• What to produce:
Begin the copy at the line containing "Very Large Print" in the data below and end it at the line containing "1857-1866, p. 229", keeping each line exact and leaving out pictures.
** Data to examine follows **
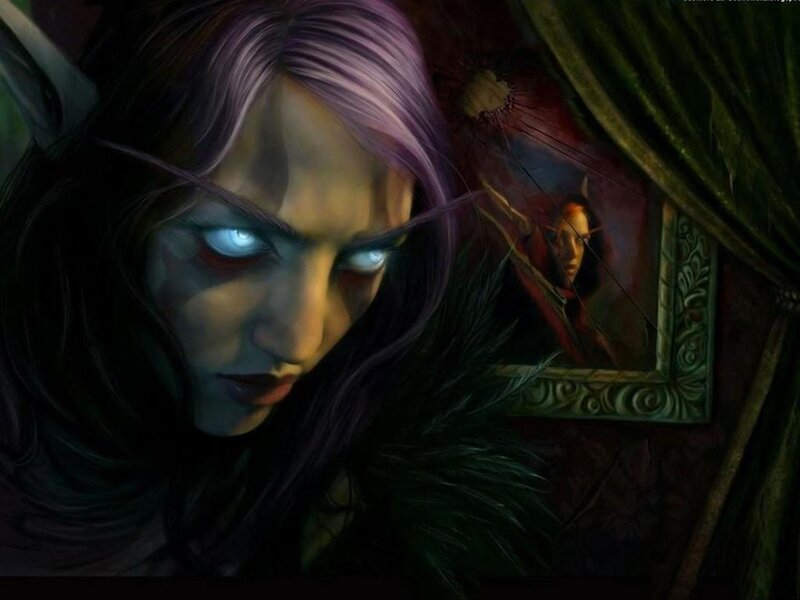 Elf Woman with Glowing Eyes — Purple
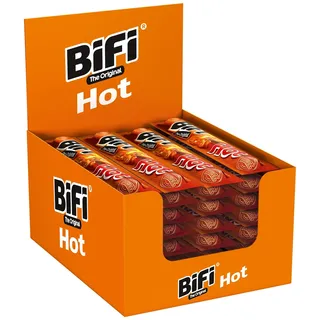 BiFi Original Hot Salami Sticks - 40er Pack (40 x 20g) - Wurst Snack To Go - Luftgetrocknet Fleisch & Wurstwaren Paket - Salami mit Pfeffer, Koriander und Knoblauch - Ideale Knabberbox - Wurstpaket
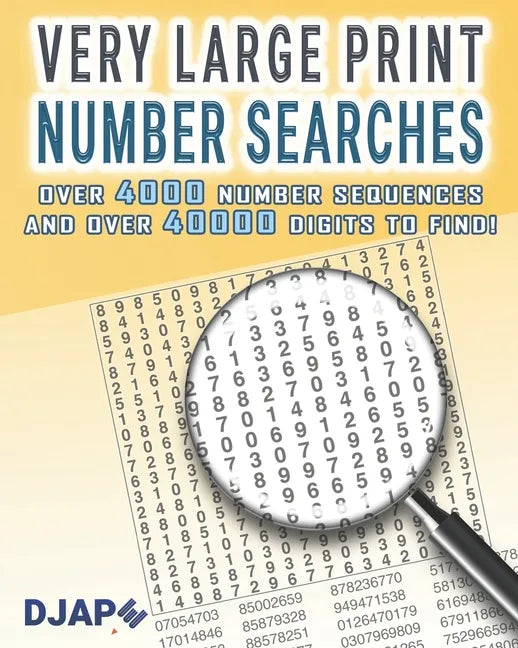 Very Large Print Number Searches: Over 4000 number sequences and over 40000 digits to find! - Paperback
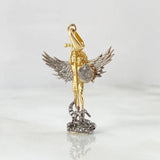 Pendant San Miguel Arcangel 2.9gr / 5cm / Two Yellow White Gold 18K ©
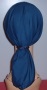 Navy Batiste Snood Head Coverings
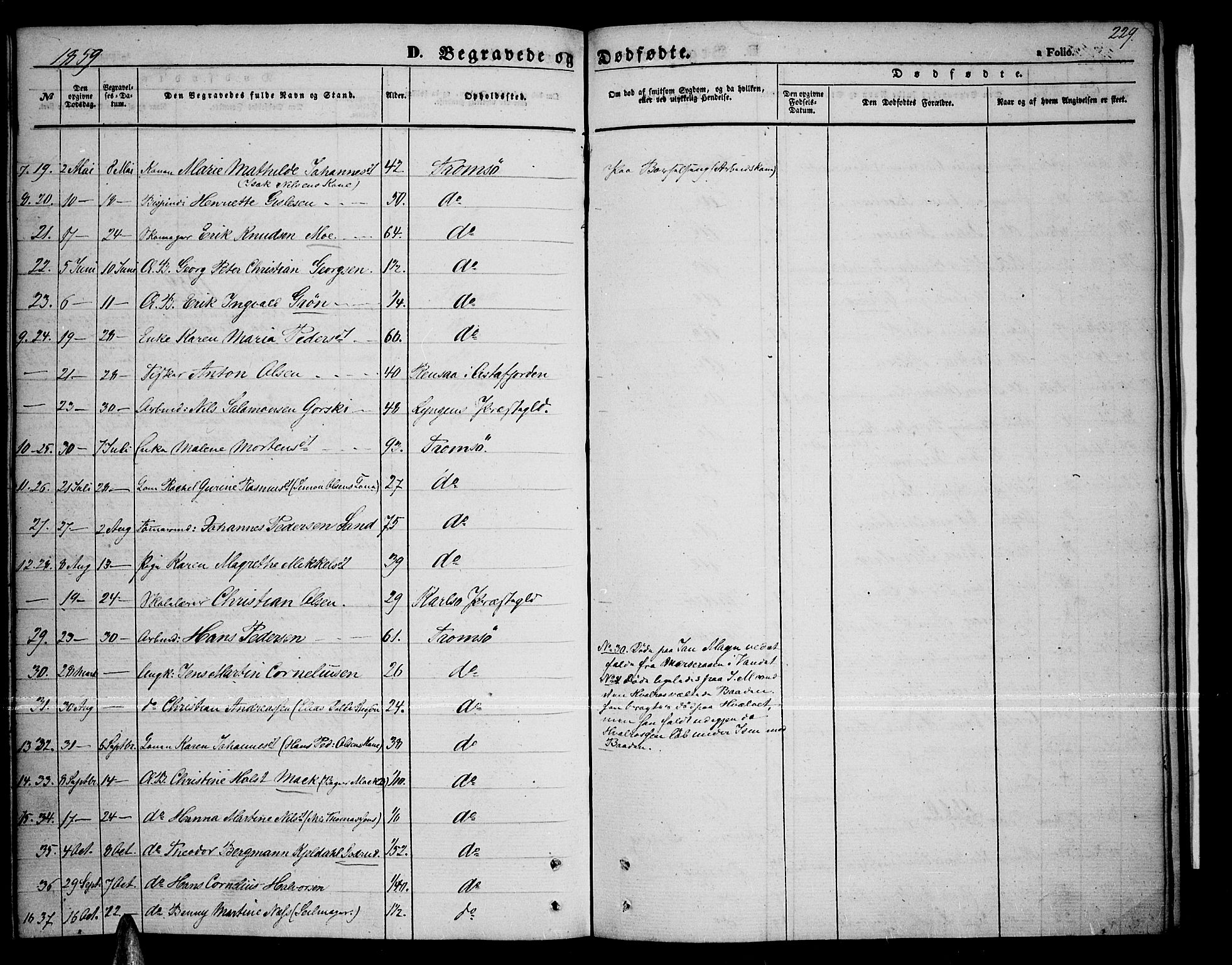 Tromsø sokneprestkontor/stiftsprosti/domprosti, AV/SATØ-S-1343/G/Gb/L0006klokker: Parish register (copy) no. 6, 1857-1866, p. 229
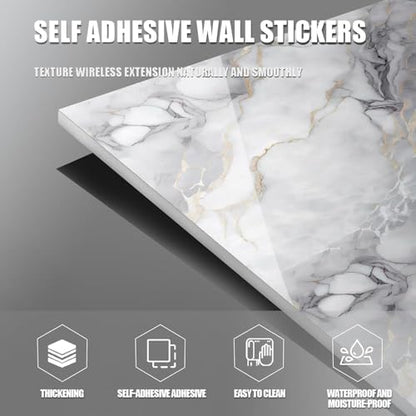 10pcs Thick Marble Peel and Stick Waterproof Wall Panels,Heat-Resistant Backsplash Tile, 23.6"x11.8" PVC Foam Wall Sticker for Kitchen,Living Rooms,TV Walls,White Gray (Not Real Tile 19.4Sq. Ft.) - color: White Gray, size: 23.6" x 11.8" x 4MM x 10Pack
** End of Data to examine **
• Exercise output:
 Very Large Print Number Searches: Over 4000 number sequences and over 40000 digits to find! - Paperback
 Pendant San Miguel Arcangel 2.9gr / 5cm / Two Yellow White Gold 18K ©
 Navy Batiste Snood Head Coverings
 Tromsø sokneprestkontor/stiftsprosti/domprosti, AV/SATØ-S-1343/G/Gb/L0006klokker: Parish register (copy) no. 6, 1857-1866, p. 229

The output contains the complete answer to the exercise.